The burden, the insanity of it all, was crushing. Alyssa lived on Xanax and, at night, on Ambien. Then she began to take Xanax to lay down a base for the Ambien; and then a glass of wine as a base for the Xanax, as a base for the Ambien; and still she didn’t sleep.
She rolled and turned and her mind cranked twenty-four hours a day, a long cir
cle of jangled thoughts. Sometimes, during the day, from the corner of her eye, she’d see Frances sitting on a couch. She’d come downstairs in the middle of the night, having heard Fran’s music playing on the stereo, only to have it fade as she came closer.
She felt cool breezes where there should be no drafts, as though someone had walked past her. And she saw omens. Crows on a fence, symbols of death, staring at her unafraid, but mute. A fireball in the sky, when she happened to be thinking of Frances. Fran’s face in crowds, always turning away from her, and gone when she hurried to them.

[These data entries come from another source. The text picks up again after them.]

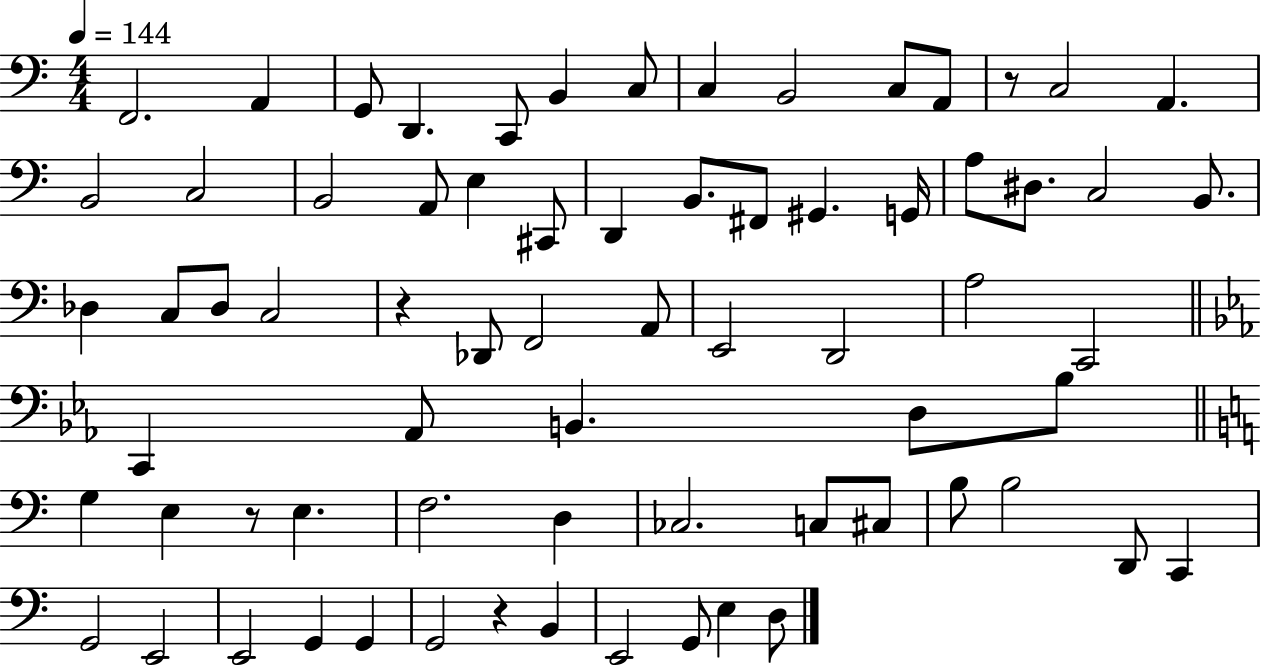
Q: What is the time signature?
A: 4/4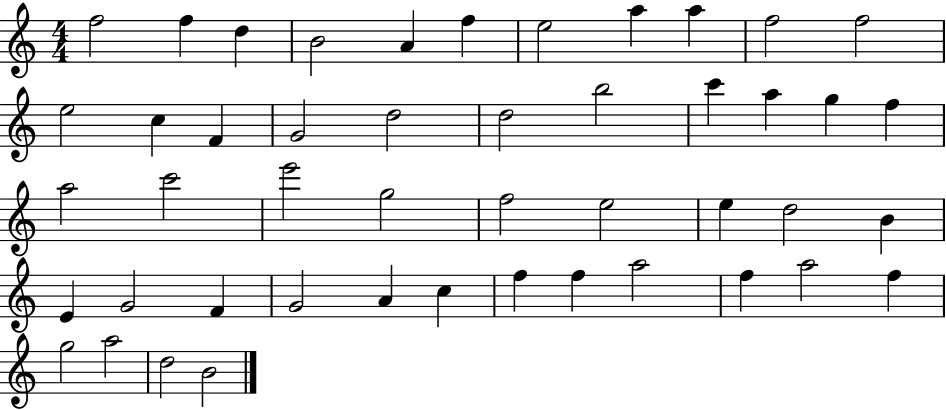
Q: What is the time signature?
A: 4/4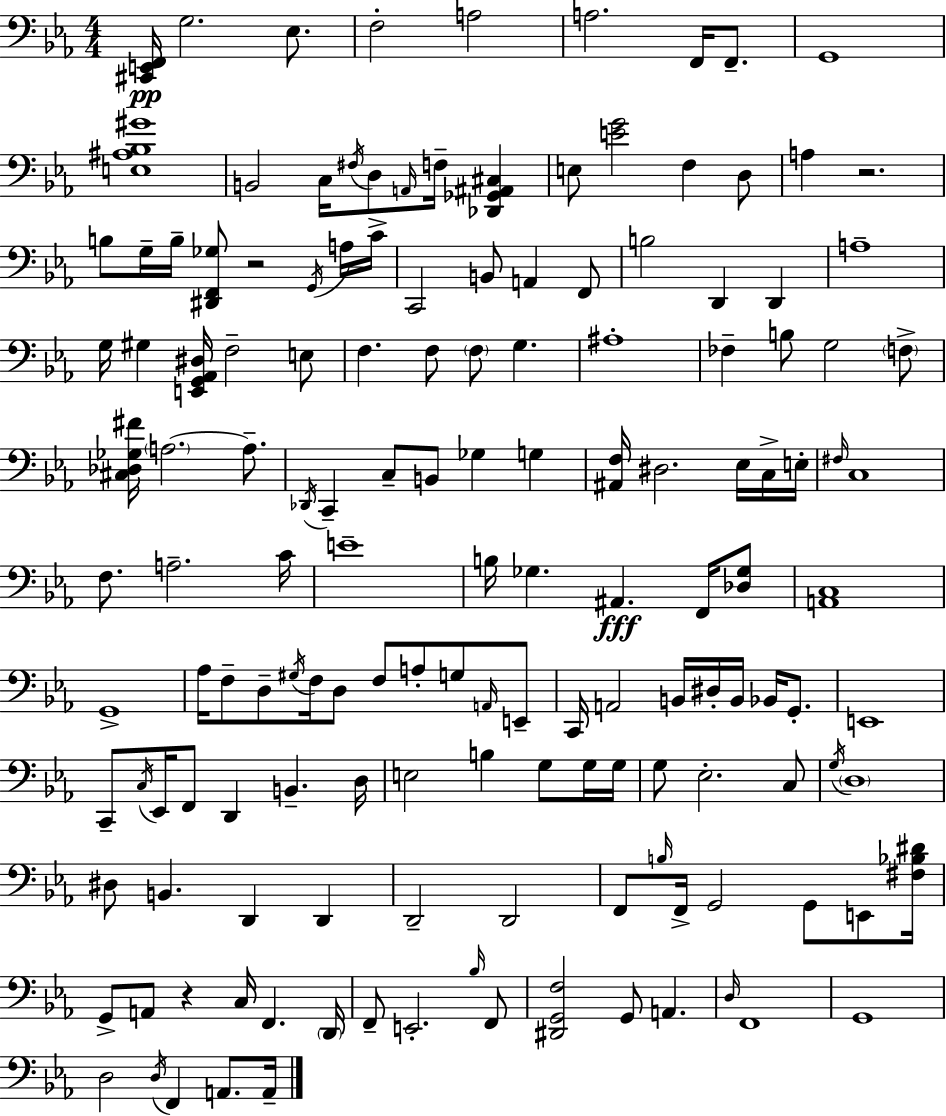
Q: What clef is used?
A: bass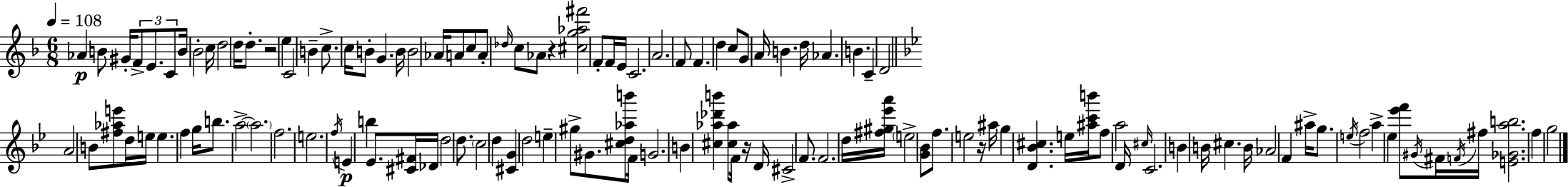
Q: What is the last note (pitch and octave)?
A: G5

Was Frances alive? Or dead?
Or somewhere in between?
Fairy had some of the answers, or believed she did.
Alyssa was a blond, good-hearted, New Age modern woman. Fairy was dark, obsessive, Pre-Raphaelite—and where Alyssa floundered, trying to comprehend, Fairy knew in a moment what had happened to Frances, and focused on revenge.
Fairy stepped out of the shower, toweled off as she walked into the bedroom. When she was dry, she threw the towel on the bed and chose Obsession from the row of perfume bottles on the dressing table. She touched the bottle to her neck and the top of her breasts, judging herself in the dressing mirror as she did.
She didn’t call herself Fairy; others did. But it fit—with a pair of gossamer wings, she could have been Tinker Bell’s evil twin.
Then Loren appeared. “Looking good. Really, really good. Your ass is . . .”
“I don’t have time to fool around, I’ve got to get dressed,” Fairy said. “But you can watch me.”